Les contradictions des récits sur la mort du général Arndt et « l’oubli » de l’emplacement de sa sépulture montrent, à l’évidence, qu’un certain mystère a été volontairement entretenu sur ces événements. L’exécution sommaire de prisonniers de guerre peut, peut-être, s’expliquer momentanément par le désir de venger les victimes de Buchères – mais à long terme, l’acte ne devait pas paraître bien glorieux.
Lorsque la famille du général Arndt envoie, dans les années 50, de l’argent pour fleurir sa tombe, elle obtient la même réponse que celle de Hubert Danésini : l’emplacement est inconnu…

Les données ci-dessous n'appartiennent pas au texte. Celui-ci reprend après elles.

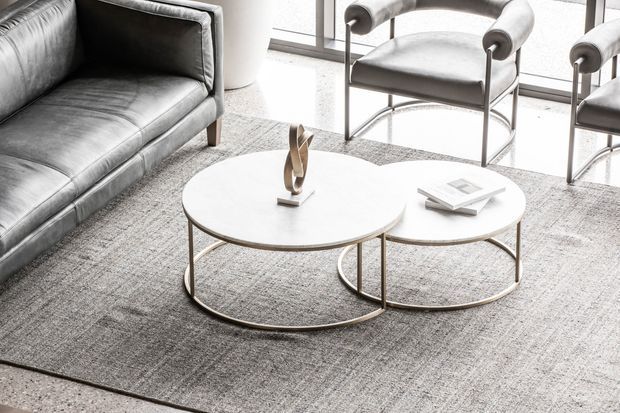 Bright contemporary living room vignette featuring overlapping round nesting coffee tables with slim metallic frames and pale tops, a grey leather sofa, matching upholstered lounge chairs, and a large textured grey rug beside expansive glazing. The palette is refined and neutral with strong natural light.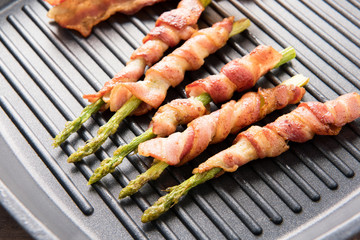 Bacon slice and asparagus wrapped in bacon being cooked in fryin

Dans les affaires qu’Edgar Arndt emportait dans sa fuite, on aurait retrouvé une grande quantité de cigarettes, des bouteilles de Cognac, et des sous-vêtements féminins. Son petit-fils confirme le goût du grand-père pour les cigarettes (« jusqu’à 100 par jour ! ») et les alcools français (« surtout le Cointreau »). Quant aux sous-vêtements féminins, ils font irrésistiblement penser au beau poème de Bertolt Brecht : Und was bekam des Soldaten Weib – Ce que reçut la femme du soldat…
La veuve d’Edgar Arndt est décédée en 1971, sans connaître le sort de son mari. Sa fille a aujourd’hui 83 ans.
[1] Indication donnée par la famille.
[2] « = Landesschutzoffiziere » : le traîté de Versailles a imposé à l’Allemagne des contraintes en matière de militarisation. Dès le milieu des années 20, l’Allemagne contourne ces obligations en créant un corps « d’officiers de protection territoriale » composé essentiellement d’officiers de la Reichswehr en retraite. Les nazis iront plus loin en créant le corps de « E-Offiziere = Ersatzoffiziere », littéralement des « officiers de remplacement » (renseignements aimablement fournis par Klaus Beck).
[3] Hans Speidel, Invasion 44, ed. J’ai lu, 1964
[4] indication de Hans Speidel
[5] source : Samuel Lewis, Reconnaissance : Fighting on the Upper Seine River, US Army Command and general Staff College Press, 1992
[6] La guerre à Châlette et aux environs de Montargis, 1933-1944, in BSEM n°97
[7] Au temps de l’héroïsme et de la trahison, Librairie Loddé, 1978
[8] extrait de la revue militaire Yank du 24 septembre 1944, traduit dans la presse française (P. Guillaume cite « La République du Centre » - édition de Montargis des 21 et 25 août 1945) – renseignements communiqués par J.-M. Voignier
[9] document retrouvé par J.-M. Voignier aux Archives nationales.
[10] Le village de Gy-les-Nonains ne semble pas avoir gardé la mémoire d’otages emmenés par les Allemands, et qui auraient reconnu le général Arndt.
[11] Ce nom de Crogny est devenu « Groghy » dans les archives de la Wehrmacht. On peut légitimement s’interroger sur les raisons de cette erreur : mauvaise transcription ou tentative de dissimulation ?
[12] Plusieurs de ces brigades de SS arrivées à Troyes sont composées de français…
[13] cité par Roger Bruge. Les deux points d’exclamation après « Sans eux » semble prouver que le sort des Allemands était déjà décidé. Germain Rincent n’a, semble-t-il, jamais détaillé son récit.